▶ Aim of the task
Here the job is to transcribe the data exactly while omitting the images.

[Information provided]

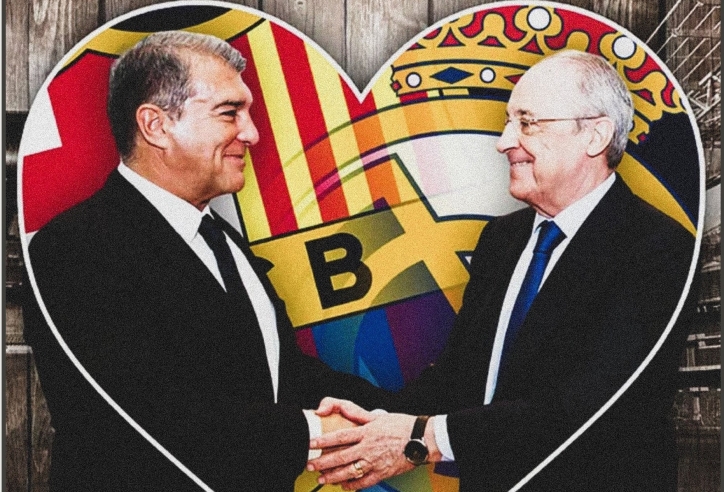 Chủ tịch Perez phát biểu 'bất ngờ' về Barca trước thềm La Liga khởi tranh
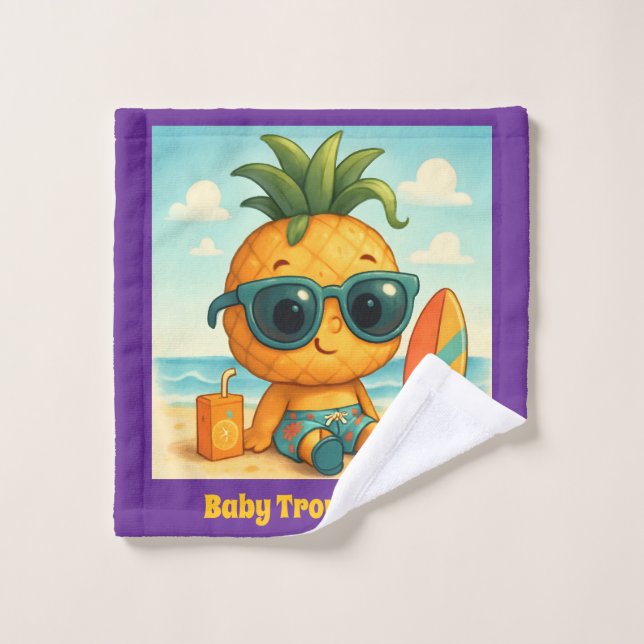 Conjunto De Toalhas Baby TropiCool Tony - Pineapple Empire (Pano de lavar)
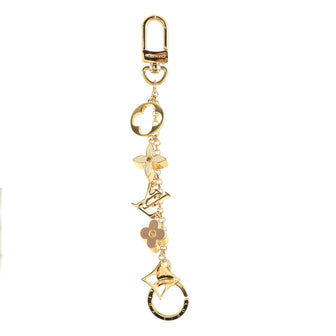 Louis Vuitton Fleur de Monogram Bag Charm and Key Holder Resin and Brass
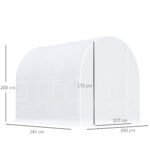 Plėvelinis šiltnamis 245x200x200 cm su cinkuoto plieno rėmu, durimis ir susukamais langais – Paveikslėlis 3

[/Information provided]

▶ Result of the task
 Chủ tịch Perez phát biểu 'bất ngờ' về Barca trước thềm La Liga khởi tranh
 Conjunto De Toalhas Baby TropiCool Tony - Pineapple Empire (Pano de lavar)
 Louis Vuitton Fleur de Monogram Bag Charm and Key Holder Resin and Brass
 Plėvelinis šiltnamis 245x200x200 cm su cinkuoto plieno rėmu, durimis ir susukamais langais – Paveikslėlis 3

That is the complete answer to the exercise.